Thursday, November 29, 2007

MySQL Optimization: A Bit Of Kvetching

Call me crazy, but suppose I have the following

  explain SELECT <stuff> FROM <stuff> where name = 'foo';
  -- Explain says:
  +----+-------------+-------+-------+-------+
  | id | select_type | table |  rows | Extra |
  +----+-------------+-------+-------+-------+
  |  1 | SIMPLE      | at    |     1 |       | 
  |  1 | SIMPLE      | us    |     1 |       | 
  |  1 | SIMPLE      | ps    |     1 |       | 
  +----+-------------+-------+-------+-------+
  3 rows in set (0.04 sec)


And:

  explain SELECT <stuff> FROM <stuff> where id  = 'foo';
  -- explain says the same thing as above, but for ID

And those queries above UNION'ed scan, say, 20 rows 1 row:

  +----+--------------+-----------+------+-------------+
  | id | select_type  | table     | rows | Extra       |
  +----+--------------+-----------+------+-------------+
  |  1 | PRIMARY      | at        |    1 |             |
  |  1 | PRIMARY      | us        |    1 |             |
  |  1 | PRIMARY      | ps        |    1 |             |
  |  2 | UNION        | at        |    1 | Using where |
  |  2 | UNION        | us        |    1 |             |
  |  2 | UNION        | ps        |    1 |             |
  | NULL | UNION RESULT |  union1,| NULL |             |
  +----+--------------+-----------+------+-------------+
  7 rows in set (0.05 sec)
why should:

  explain SELECT <stuff> FROM <stuff> 
     where id  = 'foo' OR name = 'foo'
  -- Explain says:
  +----+-------------+--------+-------+-------------+
  | id | select_type | table  | rows  | Extra       |
  +----+-------------+--------+-------+-------------+
  |  1 | SIMPLE      | at     | 55951 | Using where | 
  |  1 | SIMPLE      | us     |     1 |             | 
  |  1 | SIMPLE      | ps     |     1 |             | 
  +----+-------------+--------+-------+-------------+
  3 rows in set (1.77 sec)

scan 55,000 rows?! Your telling me that the MySQL query optimizer can't find a better strategy than a table scan?! Googling around I can't find any work around other than manually optimizing the queries.

A few lessons learned from this:

Always test your queries, and never write them off as *needing* to be slow. Yeah, you've got 55,000 rows of data - big deal, you should need to only scan 20 rows to find what you want.

All database engines are not the same. Now, I'm going out on a limb here because I haven't tested this case in PostgreSQL, but I'm fairly certain it would optimize this query properly. The reality is that MySQL and Postgres (and Sybase, and Oracle, etc.) have different levels of sophistication.
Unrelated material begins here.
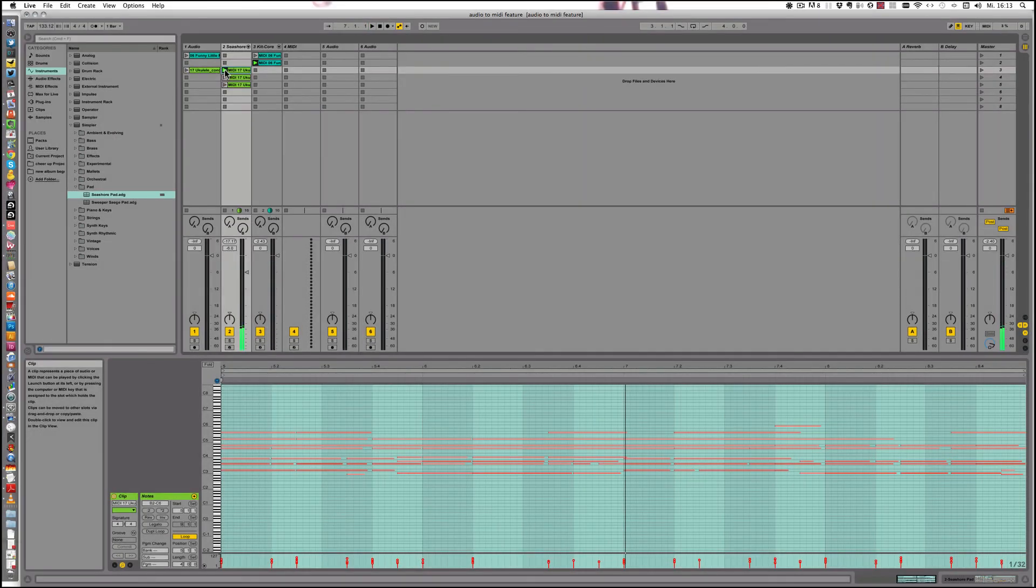Alright, so in the next tutorial I'm gonna show you how to use the melody to MIDI to get a starting point for a bass. Alright, see you next time. Bye.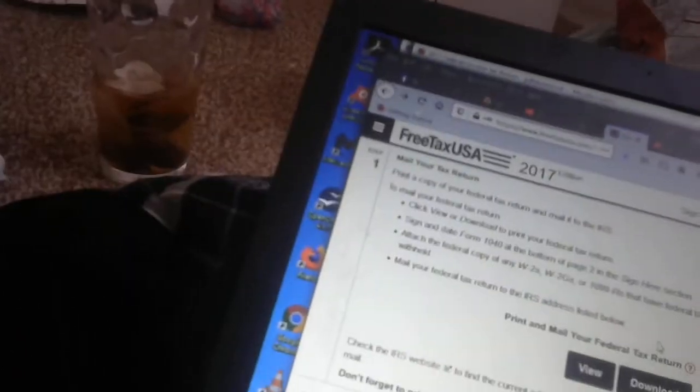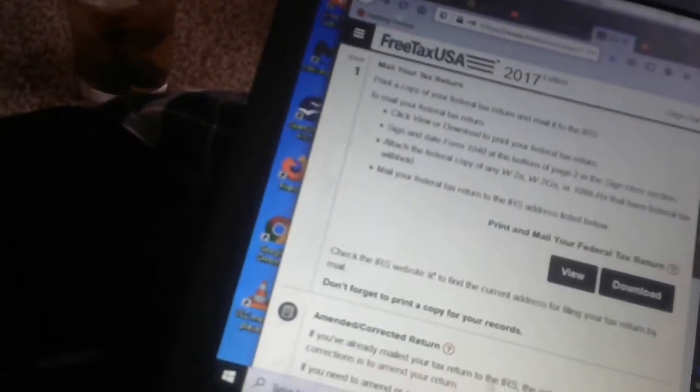All right. Still 2017. I just showed you the federal. Oh, I should probably fix it. I think I labeled it wrong. Here's the state.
Heck, the versions of MySQL I often encounter doesn't even have transactions turned on (or, more likely, I don't know how to turn them on). If you're writing a database centric app (and who isn't these days?) shouldn't you be using the most powerful one available, not just the most popular one?

Maybe I'm not being fair to MySQL here - I think many of the installs I deal with are probably an older version. But still, I'm amazed at how many people I meet who think that any old version of MySQL is just as powerful as everything else out there. Not so.
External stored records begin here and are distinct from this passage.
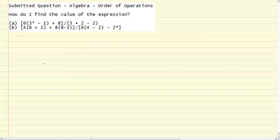Hi, this is Keith from ProTutor, and we're working on an algebra problem here on the order of operations. We've got a couple expressions to evaluate using the order of operations.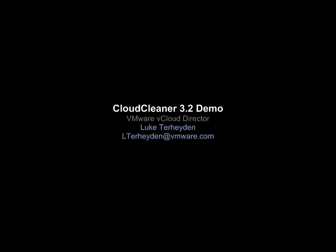I hope that you find Cloud Cleaner as easy to use as I've tried to intend it to be. If you have any problems or any further questions or definitely if you have any feature requests, please feel free to drop me an email at any time. Again, my name is Luke Terhaden, and thanks for listening.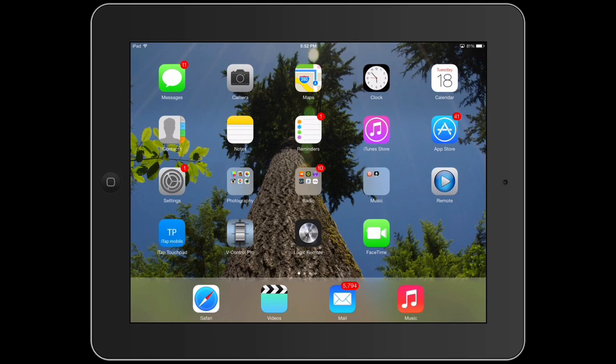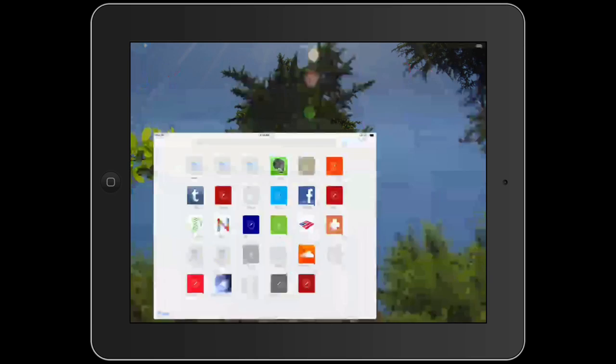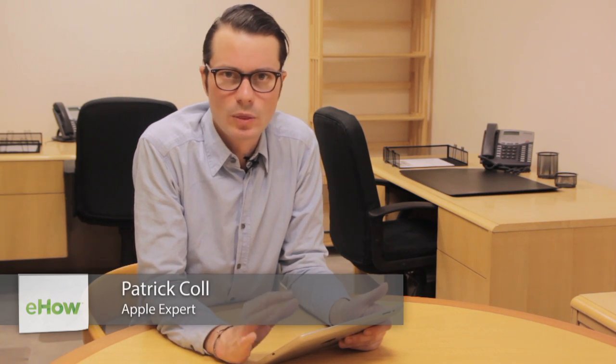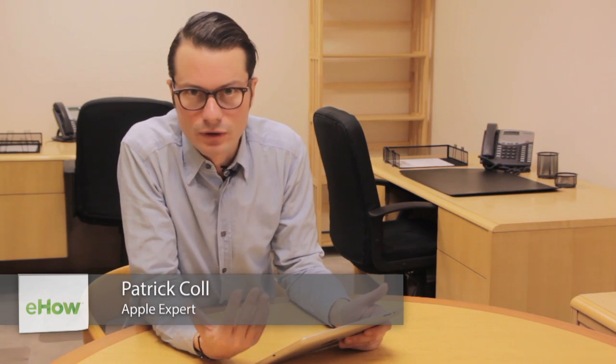Hi, I'm Patrick Call and I'm here today to talk about disabling privacy browsing on an iPad. So you may have your iPad and you've turned on the privacy browsing or someone's done it for you and you can't turn it back off, you're wondering how to do it.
Take nothing for granted and index like hell.

--Ben

Update: Per Dave's suggestion, I've put in actual (though scrubbed, and truncated) results of the explain query. See, I'm not making this up.

2 comments:

  1. "And those queries above UNION'ed scan, say, 20 rows, why should: [...] scan 55,000 rows?!"
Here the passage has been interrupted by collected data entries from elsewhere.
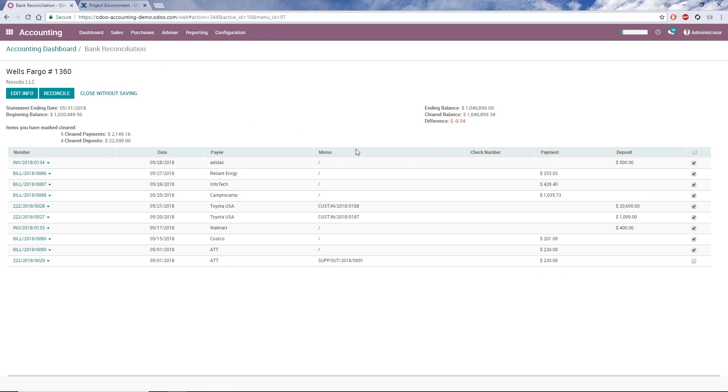By default, Odoo will remember the state of this screen if I navigate to another page. If I don't want Odoo to remember, for example, if I want to redo the transaction application, then I can click Close without saving. Once everything is complete and correct, I can click the Reconcile button.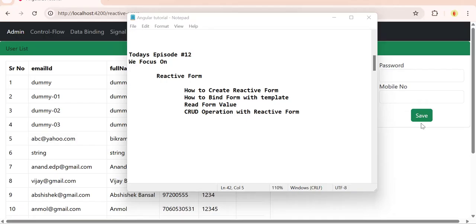Okay, so in the last episode we completed CRUD operation with template form. Now we're going to do the same thing with the user component using reactive form.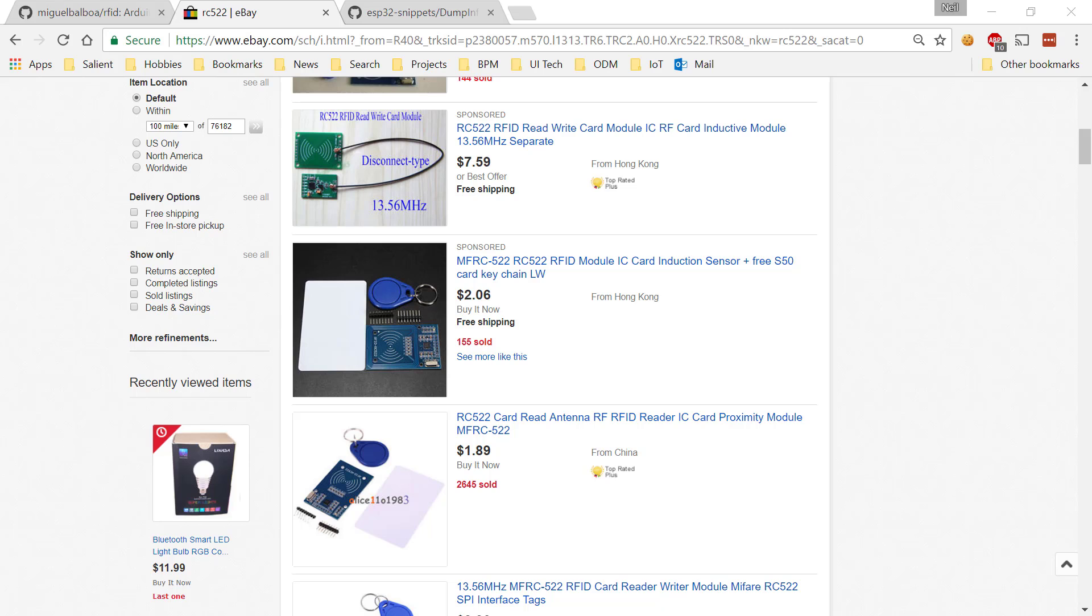Hi guys and welcome to another ESP32 technical tutorial. In this edition, we're going to talk about the RC522.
    Ben, did you actually TRY running explain on those two queries UNIONed together, or were you just speaking set-logic-ese?

    If you didn't literally run a UNION of those queries, would you mind doing that?

    I could do it myself, but if you've still got your 55000-row table laying around in the same mysql instance, it would be an easier and more useful comparison.

    That's pretty messed up, though, that the OR condition caused a full table scan. Was a primary key defined?

    ReplyDelete
  2. I added in the results of explain above.

    The union does great. It's just that tricky OR that kills it. Pesky boolean operator.

    There is a primary ID on the table, and the name is also defined with an index.